After discussing the Charlie Hebdo attack and the controversy around freedom of speech, Marshawn Lynch caught my attention because of his lack of speech. Marshawn Lynch, a running back for the Seattle Seahawks and technically an NFL employee, refuses to speak to the media and has been fined for his actions. The Charlie Hebdo magazine exercised their freedom of speech and was brutally punished. Marshawn Lynch has done the opposite; he refuses to interact with the media yet he was fined $50,000 dollars for his 2013 season, and another $50,000 for his 2014 season. The big question is: should Marshawn Lynch be fined for not talking to the media?
The Seattle Seahawks played the New England Patriots in the 49th Super Bowl on February 1st, in Arizona, and countless media days took place leading up to the football event of the year. In Marshawn Lynch’s most recent encounter with the media, Tuesday, January 27th, Lynch answered every question with, “I’m just here so I won’t get fined.” This act has been widely talked about and considered controversial. He said one thing that differed from this line, “I don’t know what kind of story you’re trying to get out of me or what image y’all trying to portray of me but it don’t matter what y’all think, [or] say about me because when I go home at night, the people that I look in the face, my family that I love, thats all that really matters to me.” In an exclusive interview with Jeffri Chadihi, Lynch explains he will not talk to the media because he does not trust them.

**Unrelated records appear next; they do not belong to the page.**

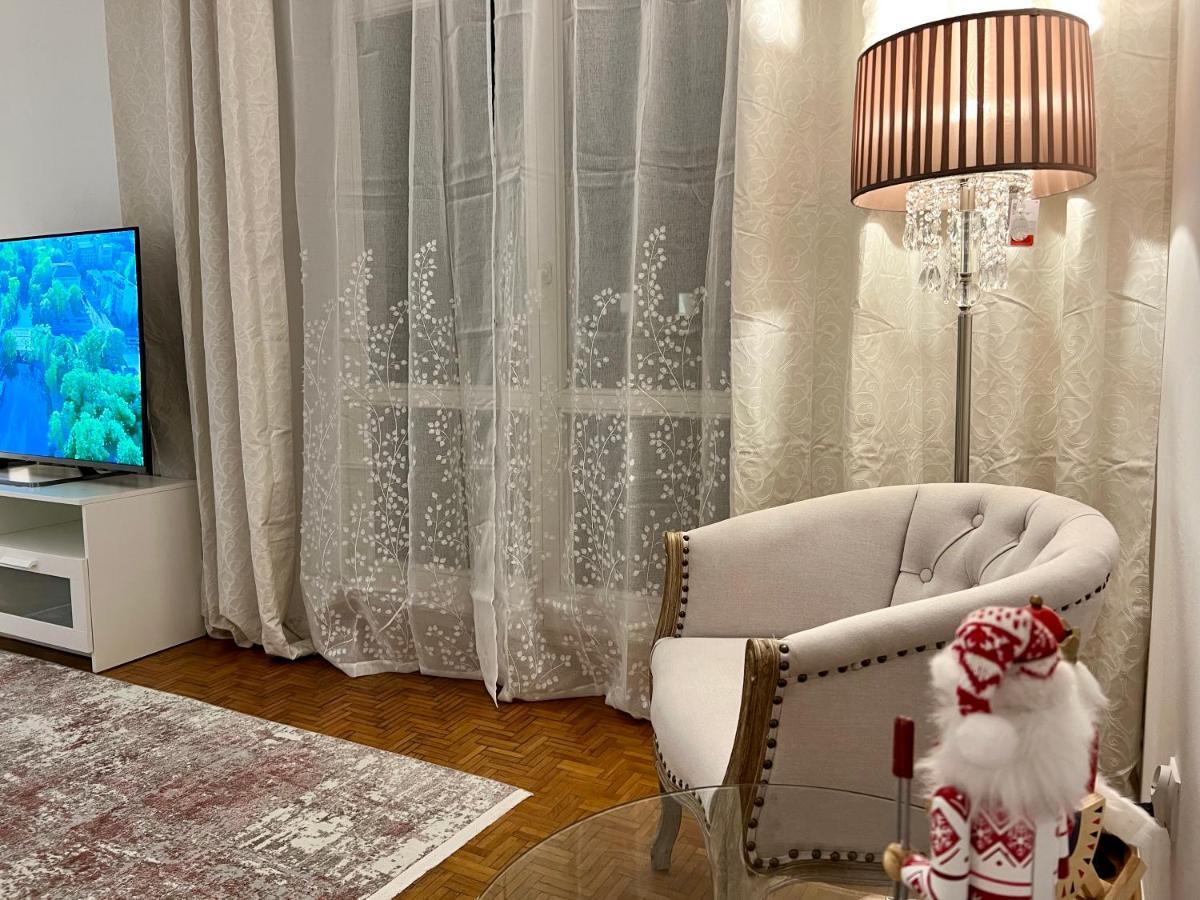 Louis & Elza Old Town Romantic Apartments Вроцлав Экстерьер фото
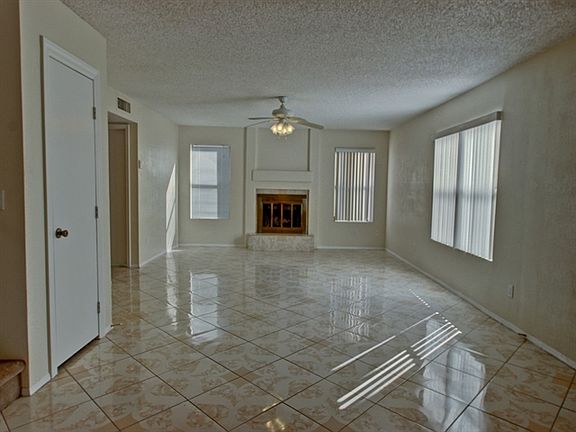 5th image of 2634 S 159th Ave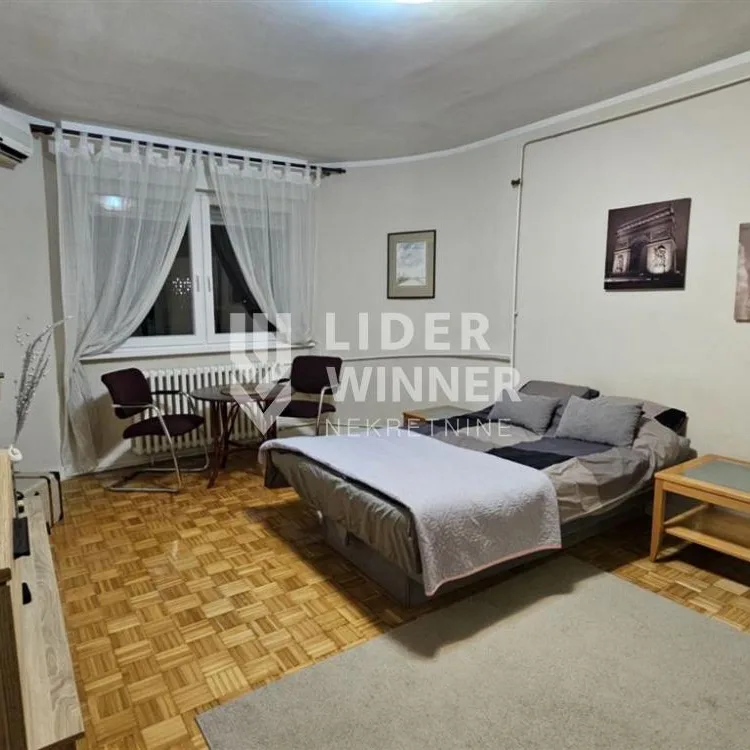 Garsonjera za izdavanje, Slavija, Beograd, 27m², 500 €/mes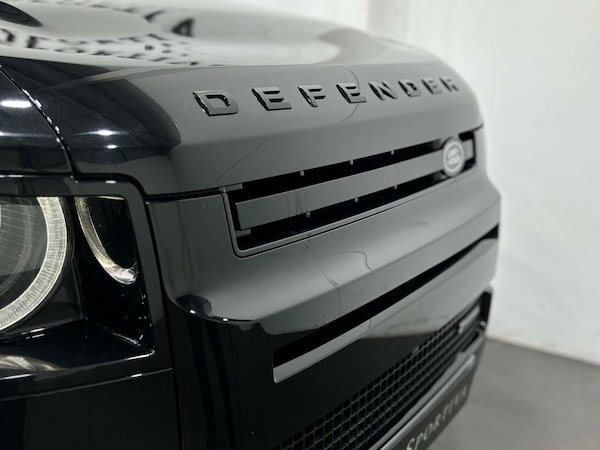 Used Land Rover Defender 2023 for sale - 76277627: Photo 45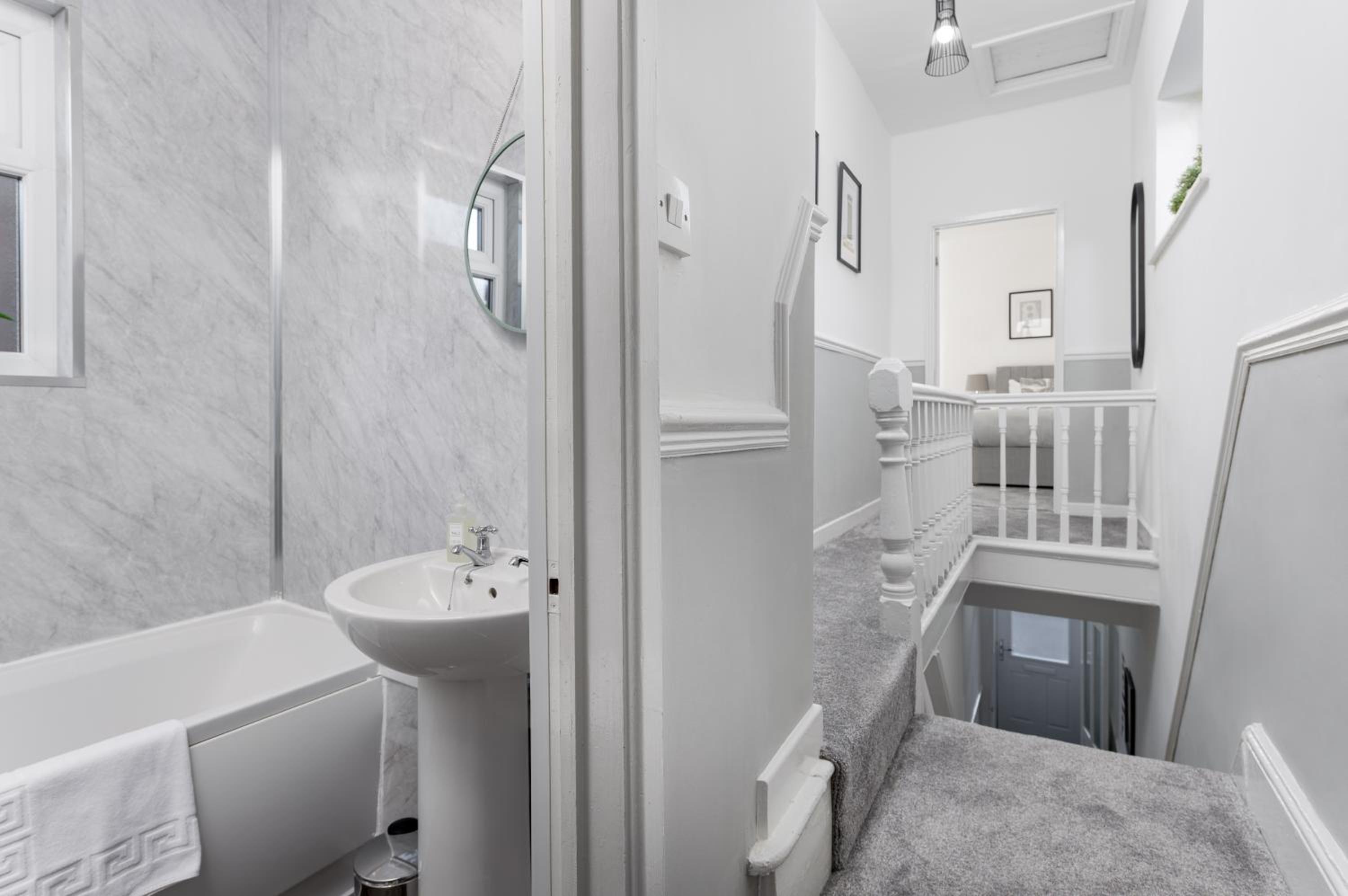 Cowley House - Air Host & Stay - Sleeps 7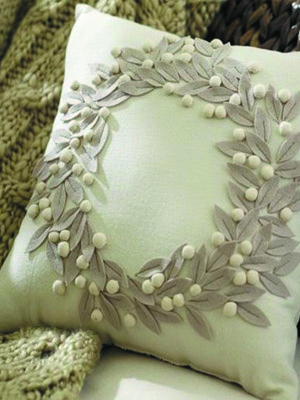 подушка с вышитой  омелой 
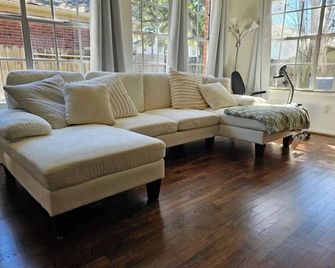 Cozy home in Clear Lake - יוסטון - סלון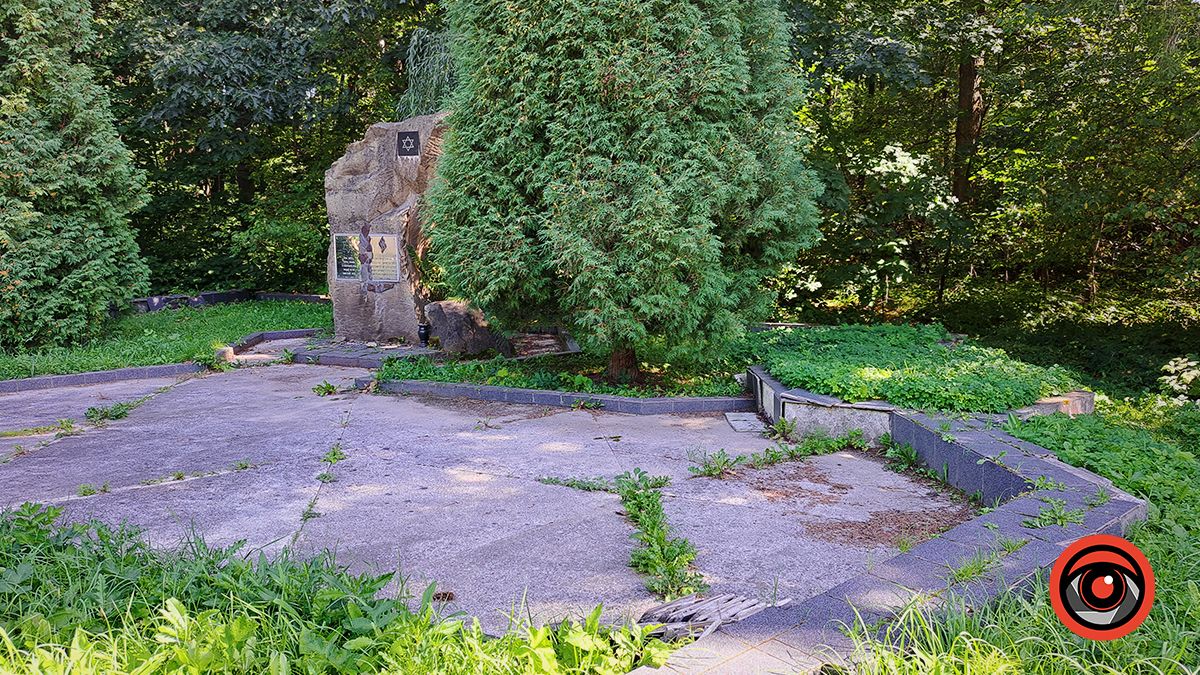 Занедбано й забуто: меморіал десяткам тисяч жертвам Голокосту в Коломиї у жахливому стані 2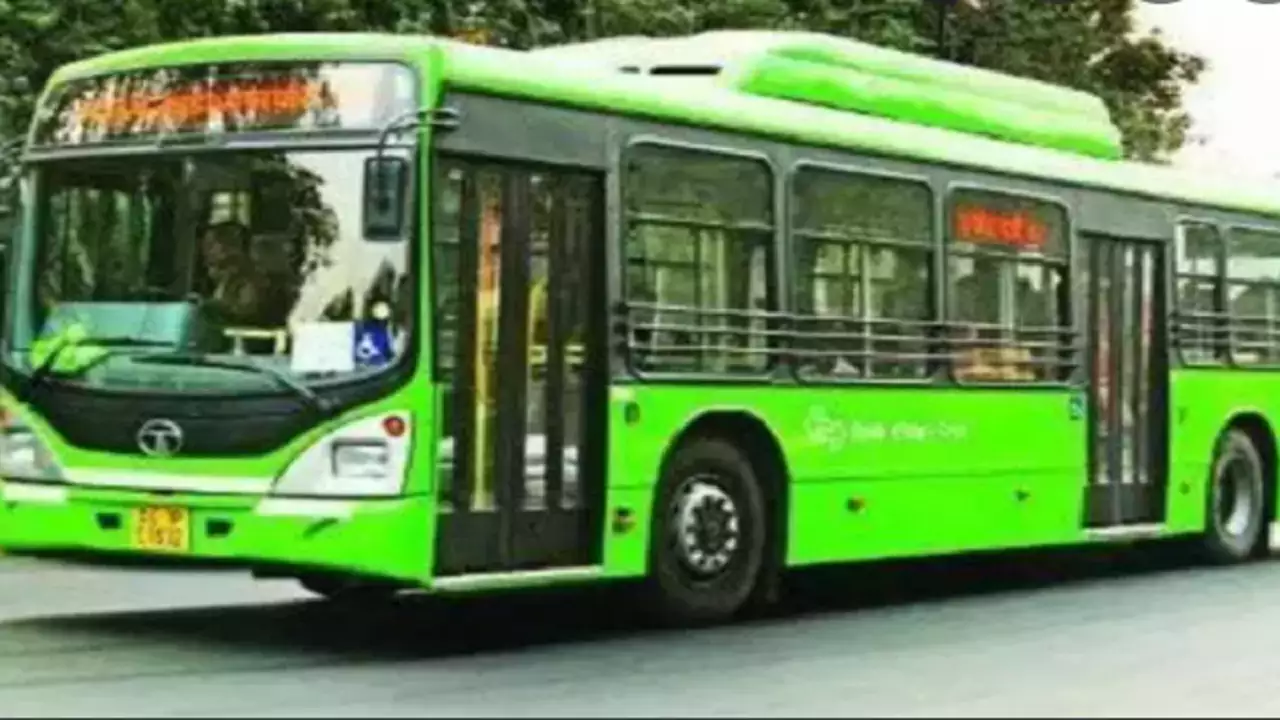 खुशखबरी: दिल्ली में मजदूर डीटीसी बस में करेंगे फ्री यात्रा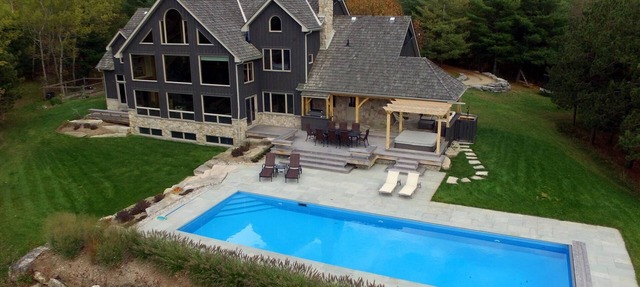 Luxurious 5 bdrm,4 bath farmhouse in Mulmur!4 Season Country Getaway!Swim & Ski! in Mulmur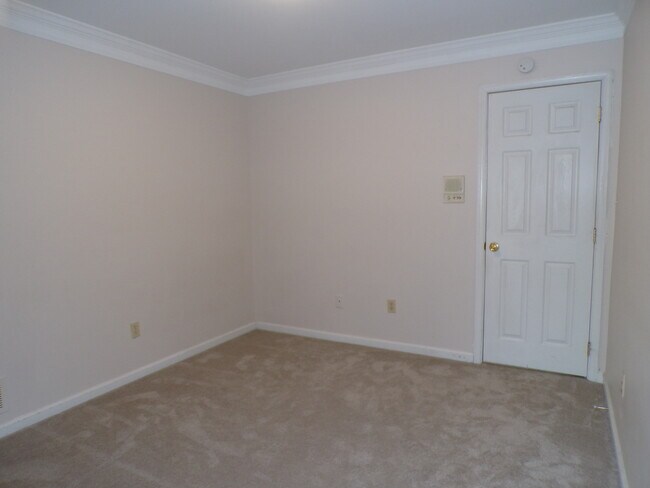 Family room - 302 Windsor Pl Unidad Windsor Place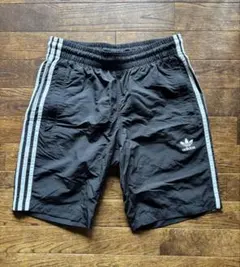 adidas Originals ショートパンツ ブラックのサムネイル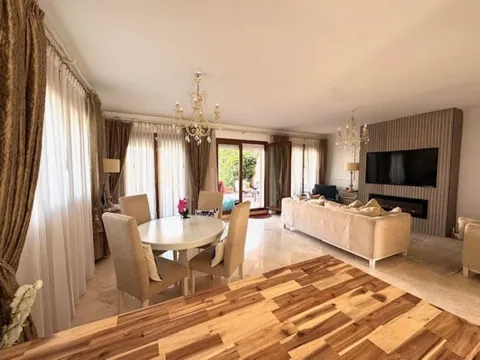 Appartamento 180 m² a Estepona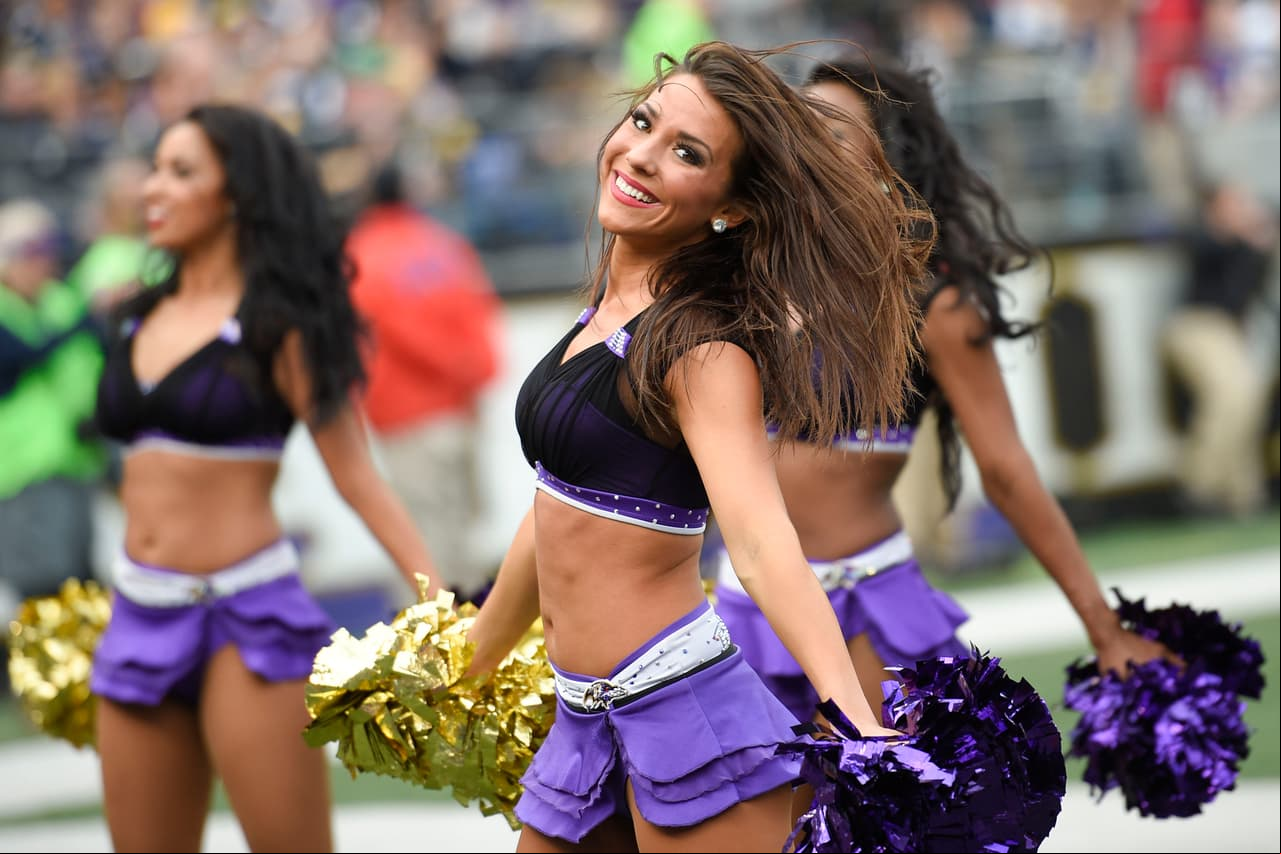 Las cheerleaders de la NFL te muestran todo su candor en la Semana 16, ¡chécalas!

Marshawn Lynch critics argue that it is in Lynch’s contract with the Seattle Seahawks and the NFL. Although it may be stated in his contract, is it really fair to make him speak against his will? Stephen A. Smith argues that when Marshawn Lynch doesn’t speak, it’s disobeying the NFL’s rules and that is the equivalent of opening Pandora’s box. Essentially, if you make the exception for one NFL player, the entire rule is in jeopardy. Skip Bayless, another Lynch critic says Marshawn Lynch is actually denying his fans the right to know him and his personality. Eager to know if this was realistic, I interviewed Hanae Reith, a Seattle native and die hard Seahwaks fan, “I feel connected to the players whether or not they respond to the press…he fears he will say something wrong and be ridiculed the same way Sherman has. I don’t believe anyone should speak to the media if they don’t want to. Marshawn connects to his fans through social media and at the games.” Hanae concluded with, “Football isn’t about the press, it’s about the game.”
Marshawn Lynch supporters question why the NFL has taken this rule so seriously when it has potentially turned a blind eye at other contract breaking incidents, like the Ray Rice scandal. Supporters would say, the NFL is so intent on forcing Marshawn Lynch to speak because more media is more money for the NFL. Pete Carroll has talked about what a team player Marshawn Lynch is and how he would never do anything to hurt the team. In addition to this praise, Richard Sherman, Seattle Seahawks corner back, said “Marshawn Lynch is a wise man.” If Marshawn Lynch is a passionate player, who loves the game, should the NFL force him to speak to the media? If freedom of speech is a basic human right, then should freedom of silence be a basic human right as well?